Полководец, открывая бой, не думает ни о лаврах, ни о розах, ни о толпах, —
только о бое, и меньше о победе, чем о той или иной позиции, которую нужно
взять. Радость потом — и большая. Но и большая усталость. Эту усталость свою,
по завершении вещи, я чту. Значит, было что перебороть и вещь далась не даром.
Значит, — стоило давать бой. Ту же усталость чту и в читателе. Устал от моей
вещи — значит, хорошо читал и — хорошее читал. Усталость читателя — усталость
не опустошительная, а творческая. Сотворческая.
Делает честь и читателю и мне».
Я уверен, если бы жизнь Марины Цветаевой не была бы такой
пронзительно тяжкой, если бы у нее не оказался такой конец, какой она предчувствовала
с самых ранних лет, ее талант или же гений не раскрылся бы в такой степени.
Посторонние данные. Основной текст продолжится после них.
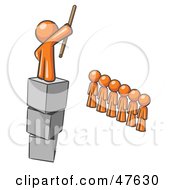 Royalty Free RF Clipart Illustration Of An Orange Design Mascot Man Ruling And Punishing Others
За
все надо платить — в данном случае жизнью, чтобы стихи и проза были такие, из
глубины земли, как и сама жизнь, и я хочу закончить эту свою мысль отрывком из
«Повести о Сонечке»:
«…рассказываю, как мы вчера ходили с Алей пешком на Воробьевы
горы, как я посреди железнодорожного моста, завидев сквозь железные перекладины
— воду, от страха — села, как Аля заговаривала моему страху зубы тут же
изобретенной историей: как мост тут же раздался, и мы с ней тут же упали в
воду, но не потонули, потому что нас в последнюю минуту поддержали ангелы, а
поддержали — потому что в последнюю минуту узнали, что “эта дама с солдатской
сумкой через плечо” — поэт, а эта девочка с офицерскими пуговицами — ее дочь, и
как ангелы на руках отнесли нас на ярмарку, и потом с нами катались на
карусели: “Вы, Марина, со своим ангелом на льве, а я со своим на баране…”, и
как потом эти ангелы отнесли нас в Борисоглебский переулок, и остались с нами жить,
и топили нам плиту, и воровали нам дрова… “потому что эти ангелы были не
ангелы, а… вы сами, Марина, знаете, какие это были ангелы…”»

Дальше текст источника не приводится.